EMNLP 2019 introduces some papers related to BERT

Click “AI Park” at the top, follow the public account, and select “Star label” or “Top”.

By Pavel Gladkov

Compiler: ronghuaiyang \

takeaway

Some good bert-related papers from EMNLP 2019.

BERT at EMNLP 2019\

The Conference on Empirical Methods in Natural Language Processing (EMNLP) was held in Hong Kong from 3 To 7 November 2019. There are a lot of interesting papers, but I want to highlight BERT’s paper.
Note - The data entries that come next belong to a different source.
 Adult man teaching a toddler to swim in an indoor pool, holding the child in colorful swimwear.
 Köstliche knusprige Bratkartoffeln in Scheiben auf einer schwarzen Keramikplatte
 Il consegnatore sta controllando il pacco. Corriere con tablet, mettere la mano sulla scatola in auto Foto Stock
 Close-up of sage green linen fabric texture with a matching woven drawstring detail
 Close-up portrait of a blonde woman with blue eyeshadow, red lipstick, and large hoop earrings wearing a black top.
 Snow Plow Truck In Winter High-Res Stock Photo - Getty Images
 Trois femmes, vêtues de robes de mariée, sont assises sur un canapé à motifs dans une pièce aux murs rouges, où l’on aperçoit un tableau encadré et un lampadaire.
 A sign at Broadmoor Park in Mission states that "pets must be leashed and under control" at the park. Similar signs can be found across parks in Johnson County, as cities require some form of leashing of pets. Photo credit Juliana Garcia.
Reveal BERT’s dark secrets

Arxiv.org/abs/1908.08…

In this paper, researchers from the University of Massachusetts Lowell investigate the self-attention mechanisms of BERT’s Layer and head. The data set used is a subset of GLUE tasks: MRPC, STS-B, SST-2, QQP, RTE, QNLI, MNLI.

Experiment:

The head of a particular relationship in BERT
The change of self-attention mode after fine-tuning
The attentional mechanism of language features
Token-to-token attention mechanism
Turn off head’s self-attention mechanism

Typical types of self-attention for neural network training. Two axes on each image represent BERT Tokens of the input sample, and colors represent absolute attention weights (darker colors indicate greater weights). The first three types are most likely to be associated with pre-trained language models, while the last two types may encode semantic and syntactic information. \

Interesting findings:

The BERT model is obviously over-parameterized. The pattern of limited attention is repeated in different heads. Therefore, disabling some heads does not result in decreased accuracy, but rather improved performance.

Very interesting. That’s why Distilling BERT makes sense.
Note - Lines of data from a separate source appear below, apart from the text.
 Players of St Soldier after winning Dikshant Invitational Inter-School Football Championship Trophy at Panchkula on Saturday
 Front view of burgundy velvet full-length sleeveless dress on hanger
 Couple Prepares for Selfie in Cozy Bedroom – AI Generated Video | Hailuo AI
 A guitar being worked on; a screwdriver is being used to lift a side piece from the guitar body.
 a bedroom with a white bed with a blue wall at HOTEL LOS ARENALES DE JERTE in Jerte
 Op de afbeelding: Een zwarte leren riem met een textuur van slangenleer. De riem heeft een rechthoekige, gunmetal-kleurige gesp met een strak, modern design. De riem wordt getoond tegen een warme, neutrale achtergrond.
Visualize and understand BERT’s effectiveness

Arxiv.org/abs/1908.05…

This is another paper on understanding BERT’s performance using Microsoft Research’s cool visualization tools.

Training loss surfaces from scratch (top) and finetune training loss surfaces for BERT (bottom) on four datasets. Compared with random initialization, pretraining can get more general optimization and simplify the optimization process. \

The picture above clearly shows the main ideas of this article:

The training loss of Finetune BERT shows a monotonically decreasing trend along the optimization direction, which is conducive to optimization and accelerates training convergence
The Finetune process is more robust to overfitting
The pre-training model can obtain a flatter and wider optimal value

So, don’t train BERT from scratch to finish your task. Finetune better.

The BERT model is compressed by patient distillation of knowledge

Arxiv.org/abs/1908.09…

Microsoft also has a paper on distillation of knowledge. A new method is proposed to compress the big BERT model into the shallow BERT model by patient distillation of knowledge. This method claims to be the first to use distillation not only for output distribution, but also for the hidden state of the teacher. In addition, “student” only attempts to mimic the representation of the [CLS] token. Compared with other distilling methods, Bert-PKD is better than DistilBERT but worse than TinyBERT.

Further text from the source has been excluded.